Look below for the line with "プロイセンの王、ベルリン市民の演説、1848年、1900年。 作： William" and the line with "Chile 1 peso 1954"; repeat exactly those two lines and all lines between them, but no pictures.

──────── Task data ────────

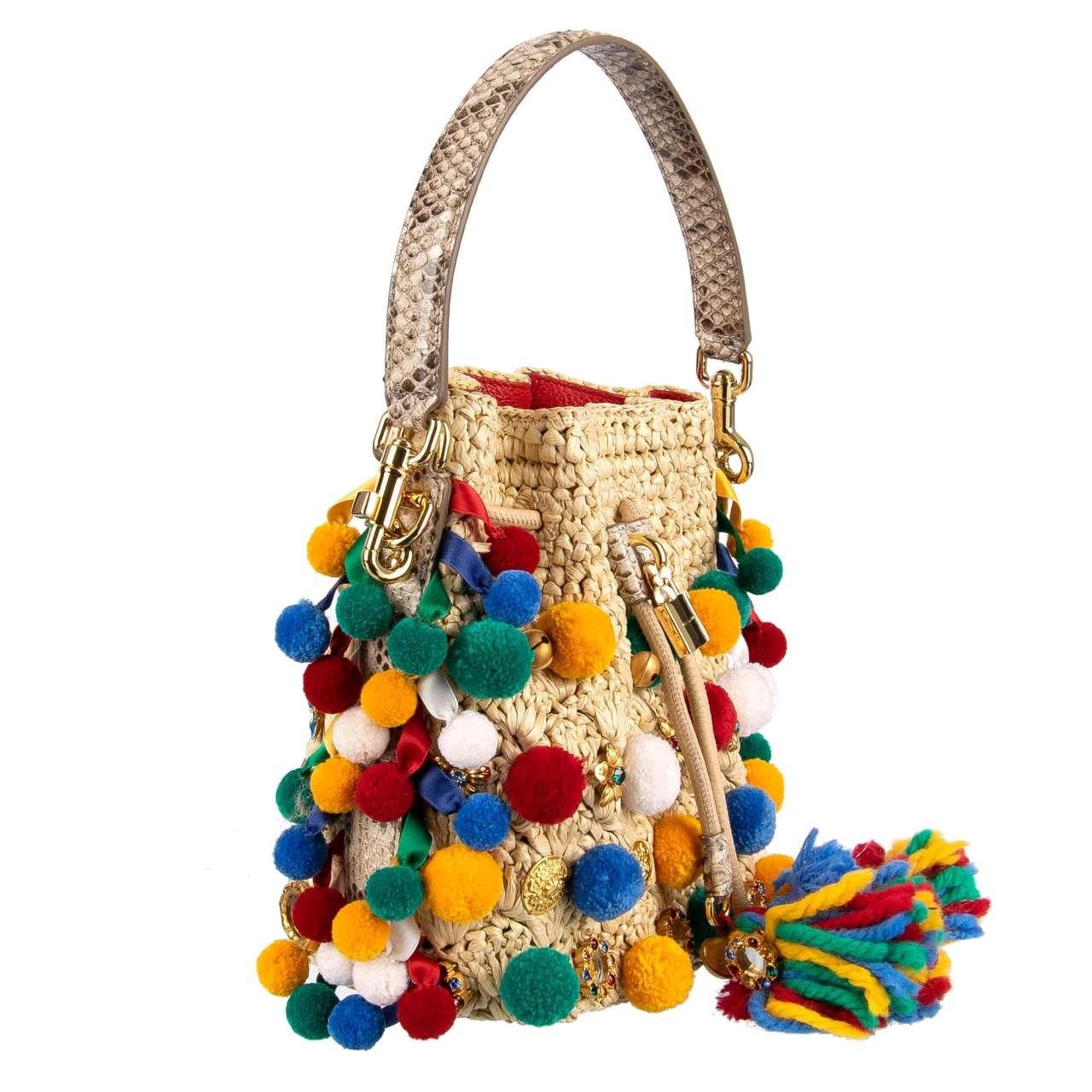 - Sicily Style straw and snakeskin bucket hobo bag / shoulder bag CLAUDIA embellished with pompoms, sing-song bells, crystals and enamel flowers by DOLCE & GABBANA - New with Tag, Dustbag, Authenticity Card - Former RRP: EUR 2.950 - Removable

────────
──────── Task data ────────

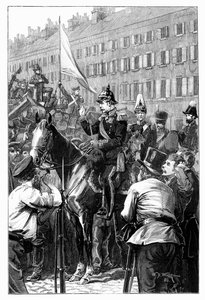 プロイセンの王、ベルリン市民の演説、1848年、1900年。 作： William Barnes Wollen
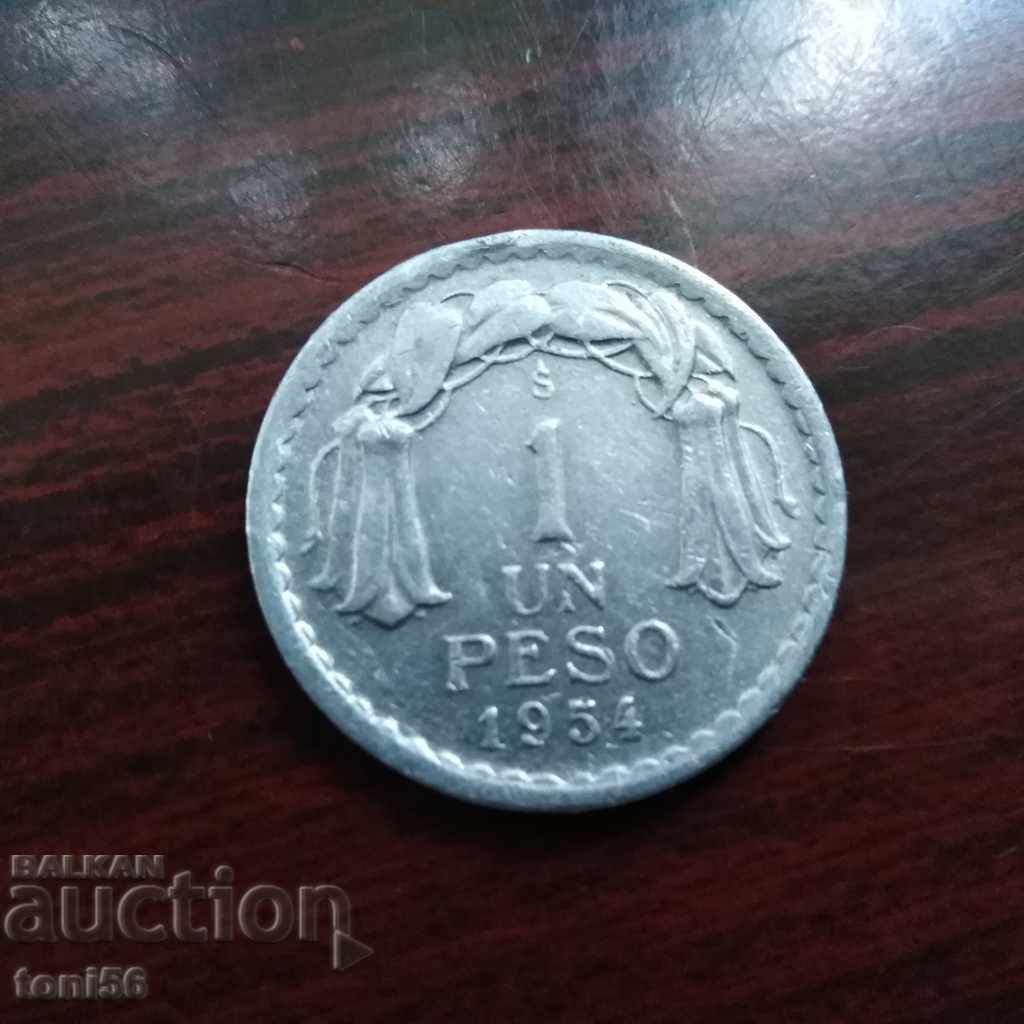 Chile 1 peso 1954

────────
──────── Task data ────────

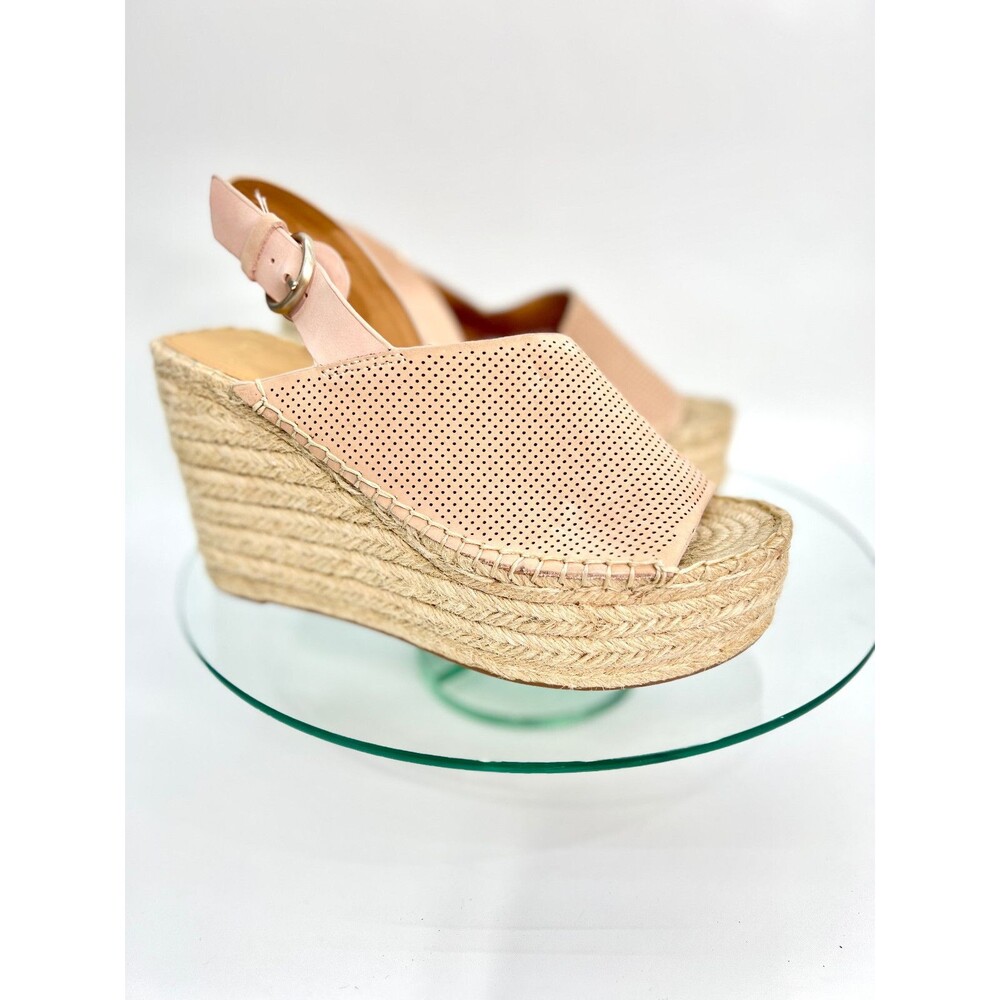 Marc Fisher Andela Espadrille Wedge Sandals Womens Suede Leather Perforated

────────

#### Exercise answer:
 プロイセンの王、ベルリン市民の演説、1848年、1900年。 作： William Barnes Wollen
 Chile 1 peso 1954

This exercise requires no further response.